CVE-2026-49402
HighCVSS 8.1Exploitation Probability (EPSS)
Low risk18th percentile — higher than 18% of all known CVEs
Summary
In Deno before version 2.7.10, the escapeShellArg() function in the node:child_process implementation improperly handled cmd.exe special characters on Windows. An attacker controlling part of an argument passed to spawn() or exec() with shell:true could inject additional commands.
Risk Assessment
The risk is the possibility of remote arbitrary command execution on Windows by an attacker who influences arguments passed to child processes spawned by Deno.
Recommendation
Update Deno to version 2.7.10 or later immediately. In the meantime, avoid using shell:true in spawn/exec calls on Windows systems.

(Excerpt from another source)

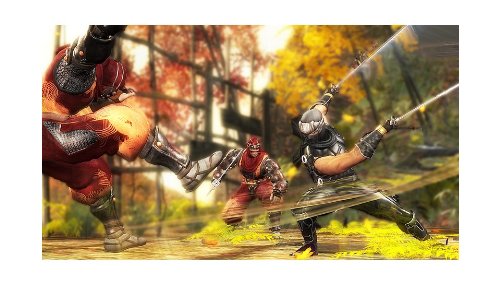 Ninja Gaiden Sigma Plus (PS Vita) [Importación francesa]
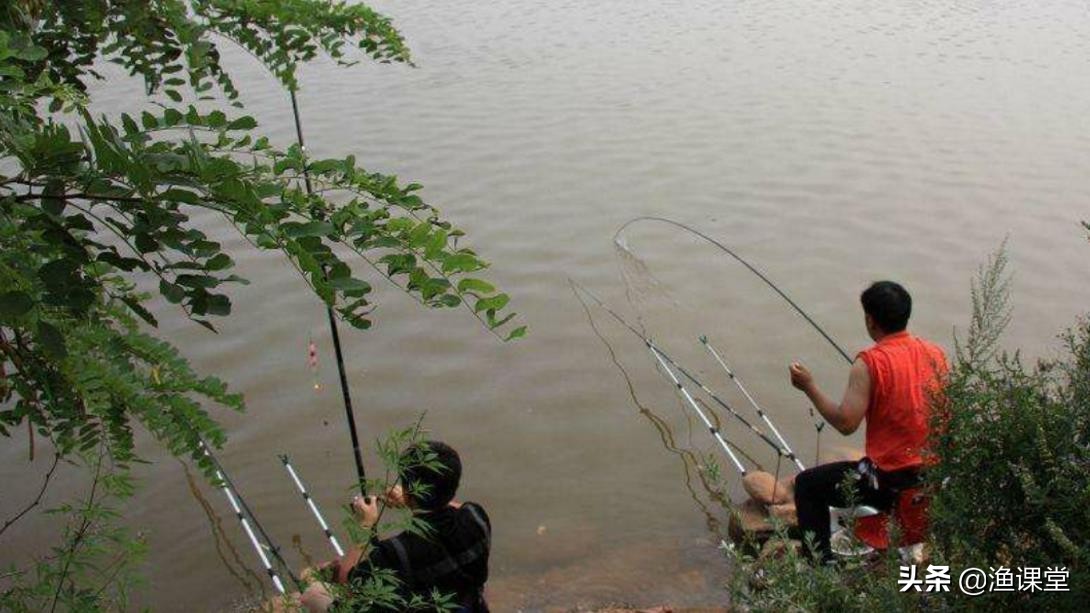 子线打结了影响钓大鱼不,野钓子线老是打结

Original NVD description (English source)
Deno is a JavaScript, TypeScript, and WebAssembly runtime. Prior to 2.7.10, Deno's node:child_process implementation provided an escapeShellArg() helper used when callers passed shell: true to spawn / spawnSync / exec and friends. On Windows, the helper failed to quote arguments that contained cmd.exe metacharacters and did not neutralize % (which cmd.exe expands even inside double-quoted strings). An attacker who controlled any portion of an argument passed to such a call could inject arbitrary additional commands into the spawned cmd.exe invocation. This vulnerability is fixed in 2.7.10.